Moving SSL connections between processes (was: Question)

Dmitry Belyavsky beldmit at gmail.com
Mon Aug 14 15:57:50 UTC 2023


Dear Victor,



On Mon, Aug 14, 2023 at 5:52 PM Viktor Dukhovni <openssl-users at dukhovni.org>
wrote:

> On Thu, Aug 10, 2023 at 03:56:31PM +0000, Mohammad Zolfaghari wrote:
>
> > Openssl documentation explicitly says "SSL_set_session() is only
> > useful for TLS/SSL clients" while we are transferring the session on
> > the server side from one process to the another.
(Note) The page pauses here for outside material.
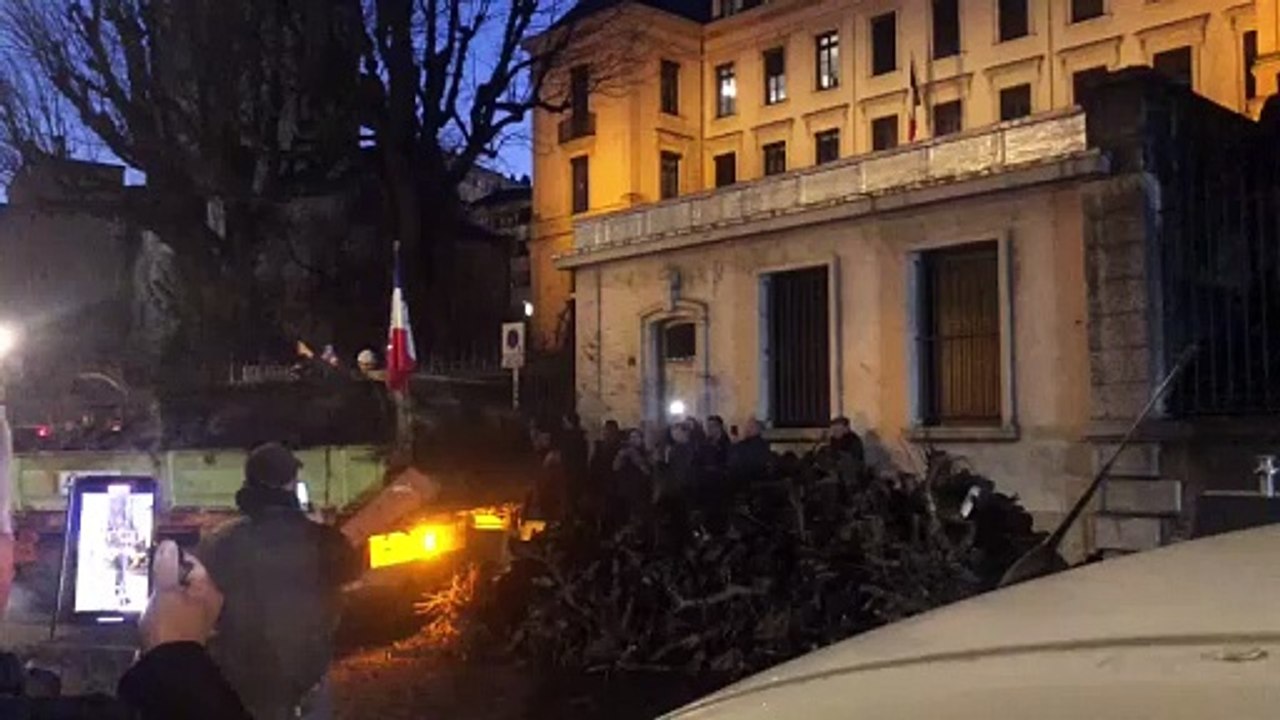 MACON : Les agriculteurs sont là (3)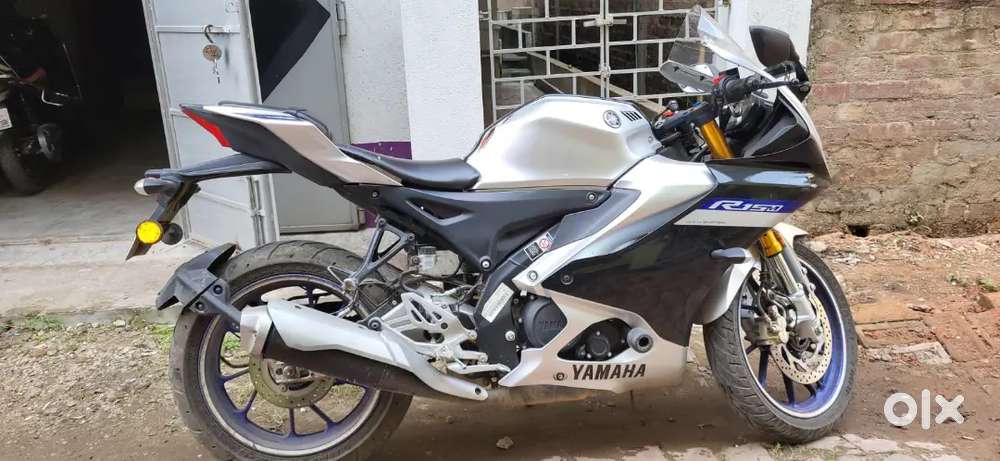 Yamaha R15 v4 M - Excelent condition / single owner/ well maintained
Do you still think
> > that using the session on the server side can prevent us from
> > duplicating the key agreement phase?
>
> The above is not very clear, but I'm guessing you're talking about TLS
> session resumption across processes.  Yes, this possible, by
> implementing external session cache callbacks (as e.g. in Postfix where
> multiple SMTP server processes consult a common session cache maintained
> by the tlsmgr(8) helper process).
>
> This requires the client to perform a second handshake, either over a
> new connection, or after performing a two-way TLS shutdown on the
> existing socket, and starting a fresh handshake, with, presumably at
> that point, the second server process.
>
> Note that in TLS 1.3 session resumption still in practice performs a DH
> key exchange in most cases, you just get to avoid signing the key
> exchange.  You can, in principle arrange to configure only psk_ke (and
> not psk_dhe_ke) on both ends, and then get a resumption without the cost
> of a fresh DH key exchange, but this only works with coöperating
> clients.  Importantly, *all* clients then need to be happy to do psk_ke,
> or else you get handshake failures.
>
> You're wading into the deep end of the pool, perhaps you should stick
> with more simple solutions.
>

If it is the project I am thinking about (
https://github.com/pgbouncer/pgbouncer/pull/894), it's not the case. The
idea is that we have a long process on the server side that would be
terminated in case of dropping the connection.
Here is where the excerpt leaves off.